The impact could be beneficial, neutral or adverse depending upon the present tax treatment. Goods presently are subject to central excise duty on manufacture, few products like pharma attract duty at 4.12%, whereas the standard rate is 10.30%. VAT/sales tax on sale of goods are presently 4% to 5% as lower rate and 12.5% to 15% as standard rate in different states. In other words, currently, manufactured goods are subject to indirect taxes to the extent of 9% or 25%.
Inception of GST at the proposed rates, therefore, will be beneficial for many goods as the peak rate of indirect tax would get reduced by around 5% approximately. White goods, which currently attract about 25% indirect taxes, could gain by a 5% reduction in duty rate. In case of cars, the peak rate of central excise duty would be reduced from 22% to 10% and VAT from 12.5% to 10%, making cars cheaper by nearly 15% in the future. The steel industry presently attracts around 10% excise and 5% VAT and would expect to be classified under the lower rate category of 12% GST, the impact could thus be marginal. So, not just the India Inc, end consumer stands to gain in the proposed scenario.

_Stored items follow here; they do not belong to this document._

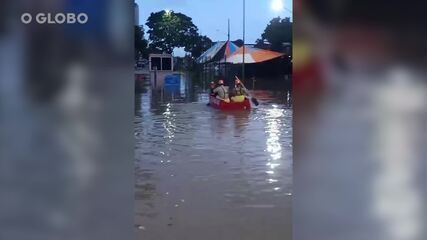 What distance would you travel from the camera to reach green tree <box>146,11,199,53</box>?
220 cm

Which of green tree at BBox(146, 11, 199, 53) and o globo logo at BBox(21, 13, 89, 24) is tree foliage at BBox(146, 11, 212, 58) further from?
o globo logo at BBox(21, 13, 89, 24)

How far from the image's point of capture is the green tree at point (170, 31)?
7.23 feet

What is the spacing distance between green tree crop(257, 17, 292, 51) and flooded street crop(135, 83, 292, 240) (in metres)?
0.81

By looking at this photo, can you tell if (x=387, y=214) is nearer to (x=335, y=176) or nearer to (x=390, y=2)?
(x=335, y=176)

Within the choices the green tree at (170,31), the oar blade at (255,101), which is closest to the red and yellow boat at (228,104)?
the oar blade at (255,101)

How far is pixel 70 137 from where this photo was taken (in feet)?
5.08

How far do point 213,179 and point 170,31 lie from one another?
4.50 feet

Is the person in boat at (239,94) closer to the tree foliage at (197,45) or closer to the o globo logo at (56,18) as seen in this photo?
the tree foliage at (197,45)

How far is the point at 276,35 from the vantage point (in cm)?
266

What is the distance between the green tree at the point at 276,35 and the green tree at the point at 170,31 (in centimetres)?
34

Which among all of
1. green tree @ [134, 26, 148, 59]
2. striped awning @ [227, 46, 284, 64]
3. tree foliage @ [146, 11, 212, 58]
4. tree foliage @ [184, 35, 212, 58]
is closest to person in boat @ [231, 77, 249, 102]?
striped awning @ [227, 46, 284, 64]

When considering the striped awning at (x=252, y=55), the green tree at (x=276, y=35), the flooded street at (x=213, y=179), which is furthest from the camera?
the striped awning at (x=252, y=55)

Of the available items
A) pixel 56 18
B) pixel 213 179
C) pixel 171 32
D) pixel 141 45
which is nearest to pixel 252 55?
pixel 213 179

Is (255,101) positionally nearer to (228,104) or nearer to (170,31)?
(228,104) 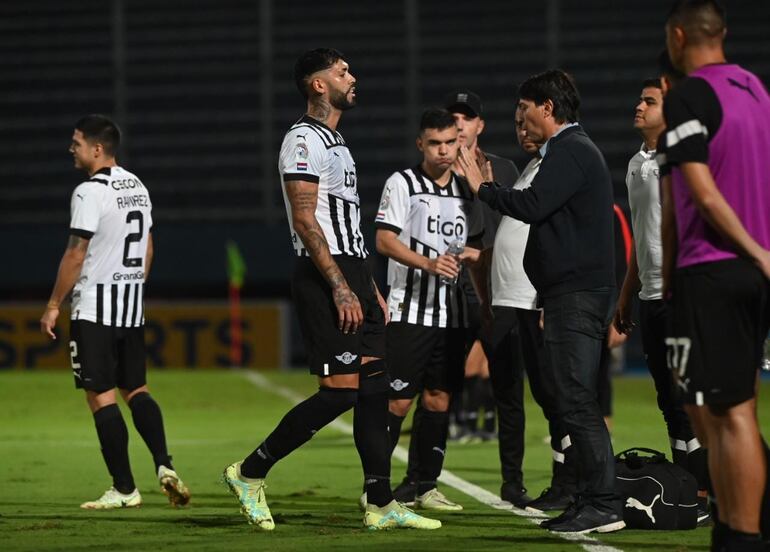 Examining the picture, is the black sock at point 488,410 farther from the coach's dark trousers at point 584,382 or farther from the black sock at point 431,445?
the coach's dark trousers at point 584,382

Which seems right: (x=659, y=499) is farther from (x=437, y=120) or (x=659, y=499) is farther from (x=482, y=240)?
(x=437, y=120)

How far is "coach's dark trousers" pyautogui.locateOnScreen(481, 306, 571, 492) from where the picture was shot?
7.18 meters

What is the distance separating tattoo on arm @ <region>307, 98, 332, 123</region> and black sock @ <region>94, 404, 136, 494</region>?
2204 mm

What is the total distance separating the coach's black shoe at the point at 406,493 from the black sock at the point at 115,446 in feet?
4.63

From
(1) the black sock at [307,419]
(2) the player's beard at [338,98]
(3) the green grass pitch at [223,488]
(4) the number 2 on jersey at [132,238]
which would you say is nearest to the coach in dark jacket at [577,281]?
(3) the green grass pitch at [223,488]

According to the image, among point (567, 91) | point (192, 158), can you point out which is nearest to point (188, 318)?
point (192, 158)

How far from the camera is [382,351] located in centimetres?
636

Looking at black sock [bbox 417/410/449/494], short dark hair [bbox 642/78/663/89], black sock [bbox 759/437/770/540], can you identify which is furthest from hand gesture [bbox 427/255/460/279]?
black sock [bbox 759/437/770/540]

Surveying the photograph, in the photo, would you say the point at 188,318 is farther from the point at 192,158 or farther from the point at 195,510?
the point at 195,510

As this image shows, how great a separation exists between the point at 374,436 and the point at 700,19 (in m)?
2.51

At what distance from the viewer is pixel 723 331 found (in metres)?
4.46

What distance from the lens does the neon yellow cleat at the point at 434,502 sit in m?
7.06

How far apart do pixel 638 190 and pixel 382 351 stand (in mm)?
1510

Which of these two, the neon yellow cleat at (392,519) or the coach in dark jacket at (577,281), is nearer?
the coach in dark jacket at (577,281) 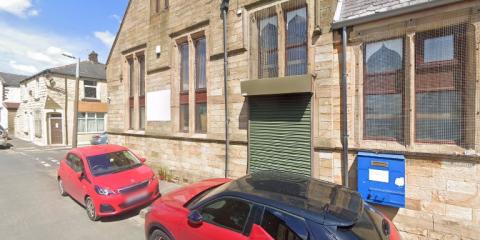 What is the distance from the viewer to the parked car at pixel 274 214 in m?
2.51

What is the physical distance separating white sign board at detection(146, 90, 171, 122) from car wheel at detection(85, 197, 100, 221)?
12.1 feet

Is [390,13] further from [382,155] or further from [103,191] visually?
[103,191]

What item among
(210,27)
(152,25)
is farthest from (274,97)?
(152,25)

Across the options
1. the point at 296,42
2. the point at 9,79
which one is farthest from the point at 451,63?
the point at 9,79

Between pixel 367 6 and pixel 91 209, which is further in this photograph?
pixel 91 209

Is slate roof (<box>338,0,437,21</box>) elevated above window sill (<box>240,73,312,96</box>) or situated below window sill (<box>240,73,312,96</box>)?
above

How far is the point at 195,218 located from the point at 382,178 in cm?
338

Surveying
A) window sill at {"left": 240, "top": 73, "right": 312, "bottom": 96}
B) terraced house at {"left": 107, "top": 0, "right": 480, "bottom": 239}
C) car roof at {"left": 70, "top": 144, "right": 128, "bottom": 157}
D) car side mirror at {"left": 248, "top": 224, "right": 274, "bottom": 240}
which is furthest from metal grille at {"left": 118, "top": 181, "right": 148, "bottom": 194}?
car side mirror at {"left": 248, "top": 224, "right": 274, "bottom": 240}

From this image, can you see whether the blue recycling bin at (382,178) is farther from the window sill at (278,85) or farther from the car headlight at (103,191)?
the car headlight at (103,191)

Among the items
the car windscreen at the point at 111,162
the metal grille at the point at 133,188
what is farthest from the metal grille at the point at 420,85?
the car windscreen at the point at 111,162

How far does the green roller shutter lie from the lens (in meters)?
5.74

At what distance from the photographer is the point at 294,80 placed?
5.50m

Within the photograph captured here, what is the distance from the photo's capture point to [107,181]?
6.07m

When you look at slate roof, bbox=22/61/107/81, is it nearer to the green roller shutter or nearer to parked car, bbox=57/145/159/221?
parked car, bbox=57/145/159/221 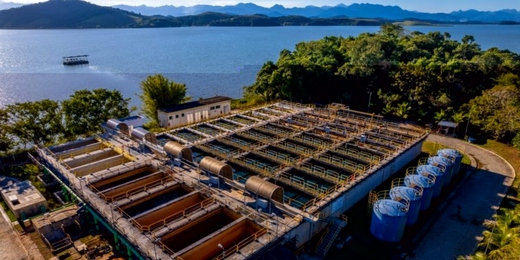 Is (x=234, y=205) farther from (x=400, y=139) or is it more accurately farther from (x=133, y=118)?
(x=133, y=118)

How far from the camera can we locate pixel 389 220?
22906mm

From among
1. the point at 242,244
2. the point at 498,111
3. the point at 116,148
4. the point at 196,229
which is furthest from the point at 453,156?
the point at 116,148

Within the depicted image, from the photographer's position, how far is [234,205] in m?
23.8

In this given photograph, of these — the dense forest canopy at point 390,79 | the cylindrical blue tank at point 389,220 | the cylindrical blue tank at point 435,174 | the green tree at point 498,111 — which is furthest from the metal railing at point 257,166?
the green tree at point 498,111

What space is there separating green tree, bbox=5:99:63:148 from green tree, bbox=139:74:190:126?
561 inches

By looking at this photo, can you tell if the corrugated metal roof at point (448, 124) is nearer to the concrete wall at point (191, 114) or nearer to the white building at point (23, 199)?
the concrete wall at point (191, 114)

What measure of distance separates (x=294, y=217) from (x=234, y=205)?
458 cm

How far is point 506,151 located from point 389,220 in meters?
29.2

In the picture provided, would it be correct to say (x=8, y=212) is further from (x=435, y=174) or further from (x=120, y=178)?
(x=435, y=174)

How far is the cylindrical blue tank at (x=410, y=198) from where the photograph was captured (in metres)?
24.7

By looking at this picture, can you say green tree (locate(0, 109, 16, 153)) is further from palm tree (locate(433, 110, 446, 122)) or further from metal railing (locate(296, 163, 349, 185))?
palm tree (locate(433, 110, 446, 122))

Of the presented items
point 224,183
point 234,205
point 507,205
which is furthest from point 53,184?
point 507,205

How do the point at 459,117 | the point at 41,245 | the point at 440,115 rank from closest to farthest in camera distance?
the point at 41,245, the point at 459,117, the point at 440,115

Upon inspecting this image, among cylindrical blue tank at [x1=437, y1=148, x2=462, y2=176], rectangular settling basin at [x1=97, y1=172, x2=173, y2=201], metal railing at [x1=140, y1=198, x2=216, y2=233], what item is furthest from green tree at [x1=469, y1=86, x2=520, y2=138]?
rectangular settling basin at [x1=97, y1=172, x2=173, y2=201] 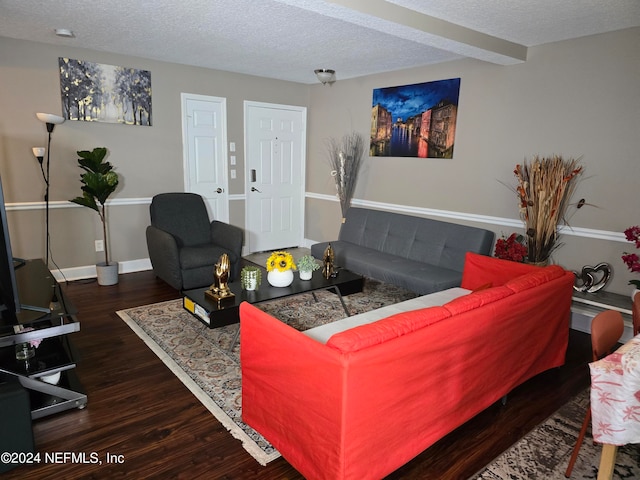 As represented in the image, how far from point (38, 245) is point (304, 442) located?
3.81 metres

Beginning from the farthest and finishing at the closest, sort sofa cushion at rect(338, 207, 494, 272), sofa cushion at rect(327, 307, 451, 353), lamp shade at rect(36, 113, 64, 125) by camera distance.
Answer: sofa cushion at rect(338, 207, 494, 272) < lamp shade at rect(36, 113, 64, 125) < sofa cushion at rect(327, 307, 451, 353)

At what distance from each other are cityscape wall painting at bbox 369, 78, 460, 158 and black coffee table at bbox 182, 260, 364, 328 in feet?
6.02

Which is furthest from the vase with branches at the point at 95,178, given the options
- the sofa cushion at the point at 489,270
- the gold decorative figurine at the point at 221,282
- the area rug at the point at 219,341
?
the sofa cushion at the point at 489,270

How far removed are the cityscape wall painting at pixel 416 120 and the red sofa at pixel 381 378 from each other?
248 cm

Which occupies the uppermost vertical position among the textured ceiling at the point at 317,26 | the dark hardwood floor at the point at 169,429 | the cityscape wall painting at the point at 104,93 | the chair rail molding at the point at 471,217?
the textured ceiling at the point at 317,26

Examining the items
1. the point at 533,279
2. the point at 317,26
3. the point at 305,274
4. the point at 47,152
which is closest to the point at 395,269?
the point at 305,274

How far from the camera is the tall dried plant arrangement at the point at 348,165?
5289 millimetres

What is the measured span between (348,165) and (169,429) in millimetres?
3816

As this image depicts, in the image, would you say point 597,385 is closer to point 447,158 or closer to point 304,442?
point 304,442

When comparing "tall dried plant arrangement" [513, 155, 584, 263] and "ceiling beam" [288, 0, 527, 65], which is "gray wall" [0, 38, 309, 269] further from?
"tall dried plant arrangement" [513, 155, 584, 263]

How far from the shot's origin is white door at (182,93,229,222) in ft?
16.3

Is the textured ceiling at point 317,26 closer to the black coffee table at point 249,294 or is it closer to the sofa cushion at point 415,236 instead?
the sofa cushion at point 415,236

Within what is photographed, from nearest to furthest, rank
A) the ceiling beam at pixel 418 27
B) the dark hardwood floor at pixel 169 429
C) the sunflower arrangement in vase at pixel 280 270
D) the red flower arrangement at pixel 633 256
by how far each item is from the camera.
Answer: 1. the dark hardwood floor at pixel 169 429
2. the ceiling beam at pixel 418 27
3. the red flower arrangement at pixel 633 256
4. the sunflower arrangement in vase at pixel 280 270

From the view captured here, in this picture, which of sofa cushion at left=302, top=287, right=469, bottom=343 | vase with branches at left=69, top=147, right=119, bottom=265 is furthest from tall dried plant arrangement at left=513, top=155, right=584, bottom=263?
vase with branches at left=69, top=147, right=119, bottom=265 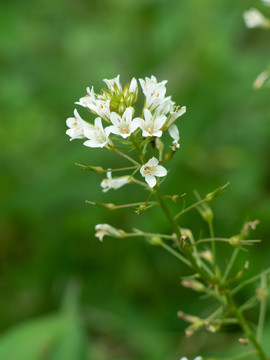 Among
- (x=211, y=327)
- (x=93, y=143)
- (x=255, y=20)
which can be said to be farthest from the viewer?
(x=255, y=20)

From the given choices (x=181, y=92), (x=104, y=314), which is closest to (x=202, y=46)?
(x=181, y=92)

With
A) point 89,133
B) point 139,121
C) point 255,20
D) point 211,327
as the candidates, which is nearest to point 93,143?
point 89,133

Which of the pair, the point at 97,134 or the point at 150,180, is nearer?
the point at 150,180

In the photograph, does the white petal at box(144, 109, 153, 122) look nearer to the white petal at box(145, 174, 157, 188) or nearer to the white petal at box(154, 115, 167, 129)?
the white petal at box(154, 115, 167, 129)

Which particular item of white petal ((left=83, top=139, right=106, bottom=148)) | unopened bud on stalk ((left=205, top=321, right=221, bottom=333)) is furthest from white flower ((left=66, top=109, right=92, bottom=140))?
unopened bud on stalk ((left=205, top=321, right=221, bottom=333))

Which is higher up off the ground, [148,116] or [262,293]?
[148,116]

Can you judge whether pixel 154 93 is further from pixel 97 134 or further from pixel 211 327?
pixel 211 327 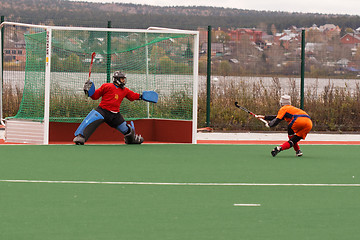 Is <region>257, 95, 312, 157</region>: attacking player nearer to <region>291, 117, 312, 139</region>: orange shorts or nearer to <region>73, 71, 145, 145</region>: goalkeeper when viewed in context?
<region>291, 117, 312, 139</region>: orange shorts

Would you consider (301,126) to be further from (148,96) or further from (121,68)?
(121,68)

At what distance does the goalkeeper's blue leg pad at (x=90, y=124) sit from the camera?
14078 millimetres

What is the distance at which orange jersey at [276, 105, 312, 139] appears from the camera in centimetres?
1277

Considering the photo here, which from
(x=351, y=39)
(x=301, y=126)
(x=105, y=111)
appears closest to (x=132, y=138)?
(x=105, y=111)

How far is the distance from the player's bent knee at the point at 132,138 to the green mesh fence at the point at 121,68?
1.23m

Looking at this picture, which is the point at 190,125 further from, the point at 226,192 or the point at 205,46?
the point at 226,192

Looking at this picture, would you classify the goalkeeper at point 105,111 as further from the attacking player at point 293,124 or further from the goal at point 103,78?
the attacking player at point 293,124

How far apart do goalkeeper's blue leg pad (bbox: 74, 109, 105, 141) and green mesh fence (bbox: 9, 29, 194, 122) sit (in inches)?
45.7

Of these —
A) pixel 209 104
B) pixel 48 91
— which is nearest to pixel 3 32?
pixel 48 91

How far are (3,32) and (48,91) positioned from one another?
376 cm

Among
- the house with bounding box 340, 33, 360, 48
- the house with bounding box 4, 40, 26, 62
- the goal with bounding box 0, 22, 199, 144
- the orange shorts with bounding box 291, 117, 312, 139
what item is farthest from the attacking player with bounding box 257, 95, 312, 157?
the house with bounding box 340, 33, 360, 48

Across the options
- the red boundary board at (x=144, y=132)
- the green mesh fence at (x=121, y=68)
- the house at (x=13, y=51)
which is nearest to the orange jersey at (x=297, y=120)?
the red boundary board at (x=144, y=132)

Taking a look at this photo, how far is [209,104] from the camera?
17859 millimetres

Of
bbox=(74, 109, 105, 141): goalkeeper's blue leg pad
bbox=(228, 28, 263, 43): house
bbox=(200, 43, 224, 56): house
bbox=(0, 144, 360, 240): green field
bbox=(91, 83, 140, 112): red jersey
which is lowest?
bbox=(0, 144, 360, 240): green field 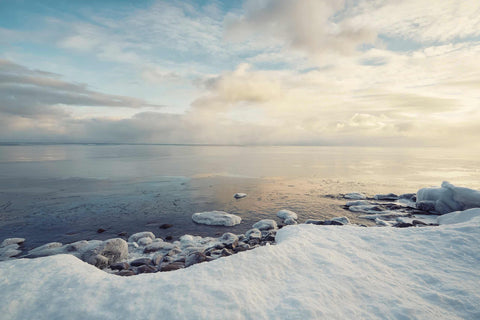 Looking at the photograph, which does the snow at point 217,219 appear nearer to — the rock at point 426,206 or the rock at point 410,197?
the rock at point 426,206

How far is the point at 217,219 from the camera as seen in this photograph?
460 inches

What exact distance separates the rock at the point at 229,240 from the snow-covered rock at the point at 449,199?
1290 cm

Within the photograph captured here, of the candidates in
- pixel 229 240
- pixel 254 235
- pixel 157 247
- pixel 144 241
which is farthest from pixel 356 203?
pixel 144 241

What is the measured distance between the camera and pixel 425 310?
3586 millimetres

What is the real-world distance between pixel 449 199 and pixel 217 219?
14203 mm

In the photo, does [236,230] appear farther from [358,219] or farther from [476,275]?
[476,275]

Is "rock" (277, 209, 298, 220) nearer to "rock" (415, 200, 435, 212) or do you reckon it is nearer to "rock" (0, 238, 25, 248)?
"rock" (415, 200, 435, 212)

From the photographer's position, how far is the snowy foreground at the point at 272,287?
3.45 metres

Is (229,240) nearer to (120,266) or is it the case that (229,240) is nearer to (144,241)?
(144,241)

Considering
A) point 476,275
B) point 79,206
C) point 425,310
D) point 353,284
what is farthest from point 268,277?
point 79,206

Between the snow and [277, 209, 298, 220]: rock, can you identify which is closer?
the snow

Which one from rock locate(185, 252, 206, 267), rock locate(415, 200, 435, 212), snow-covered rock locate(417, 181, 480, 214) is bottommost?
rock locate(185, 252, 206, 267)

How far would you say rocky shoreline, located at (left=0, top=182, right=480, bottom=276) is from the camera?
707 centimetres

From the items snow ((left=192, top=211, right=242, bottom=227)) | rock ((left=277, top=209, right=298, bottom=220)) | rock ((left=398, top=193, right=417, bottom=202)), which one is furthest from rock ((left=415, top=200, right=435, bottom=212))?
snow ((left=192, top=211, right=242, bottom=227)) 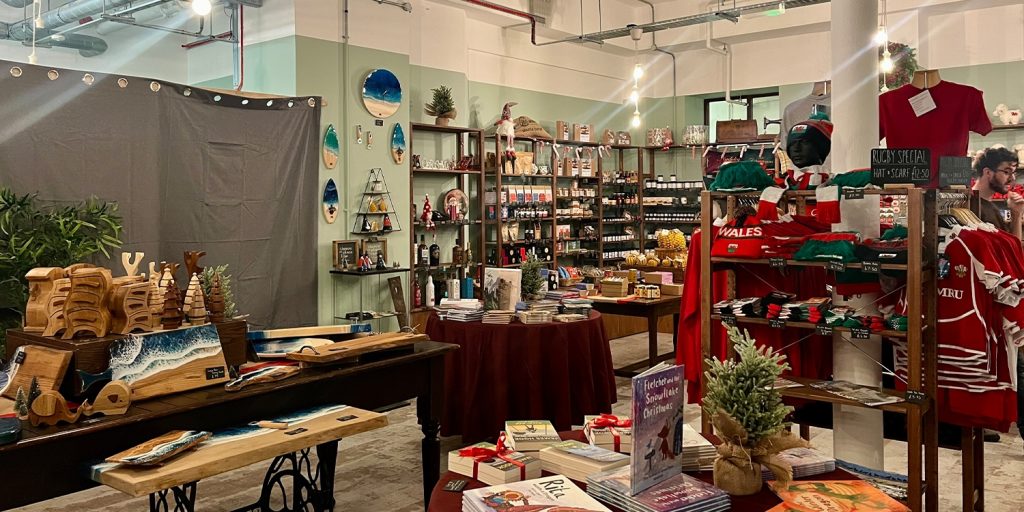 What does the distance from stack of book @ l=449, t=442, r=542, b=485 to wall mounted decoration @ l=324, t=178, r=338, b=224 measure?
475 centimetres

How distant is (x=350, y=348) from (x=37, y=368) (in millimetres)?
1063

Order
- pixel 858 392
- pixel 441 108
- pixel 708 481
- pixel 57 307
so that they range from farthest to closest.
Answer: pixel 441 108 → pixel 858 392 → pixel 57 307 → pixel 708 481

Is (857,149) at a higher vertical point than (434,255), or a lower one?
higher

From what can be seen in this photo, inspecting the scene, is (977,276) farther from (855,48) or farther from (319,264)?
(319,264)

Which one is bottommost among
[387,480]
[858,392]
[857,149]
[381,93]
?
[387,480]

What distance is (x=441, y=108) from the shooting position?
824cm

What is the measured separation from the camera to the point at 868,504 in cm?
196

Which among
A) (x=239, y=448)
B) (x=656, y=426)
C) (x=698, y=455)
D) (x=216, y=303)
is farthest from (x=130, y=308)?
(x=698, y=455)

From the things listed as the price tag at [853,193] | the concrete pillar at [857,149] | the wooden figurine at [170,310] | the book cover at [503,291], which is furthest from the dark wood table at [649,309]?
the wooden figurine at [170,310]

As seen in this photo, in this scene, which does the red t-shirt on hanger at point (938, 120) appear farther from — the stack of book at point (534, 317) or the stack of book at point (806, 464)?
the stack of book at point (806, 464)

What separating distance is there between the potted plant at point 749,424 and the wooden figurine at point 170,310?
186 cm

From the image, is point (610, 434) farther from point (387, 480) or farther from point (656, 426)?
point (387, 480)

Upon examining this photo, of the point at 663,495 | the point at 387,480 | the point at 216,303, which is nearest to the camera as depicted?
the point at 663,495

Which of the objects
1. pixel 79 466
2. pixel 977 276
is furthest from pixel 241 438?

However, there could be certain aberrations such as the pharma goods, which attract around 9% indirect tax, under GST may be placed at 12%, which could still entail an increase of 3%. Services, which attract service tax of 10.30% would be costlier at 16% GST rate. This could be a cash flow issue for businesses. The better credit mechanism may help overcome this impact. The list of exemptions and impact on customs duties by way of SGST would also depend upon the fine print of GST and impact thereof would need to be evaluated. In a nutshell, the proposed rate structure seems to be beneficial on an overall basis, a win-win deal that the Centre and States need to fine tune.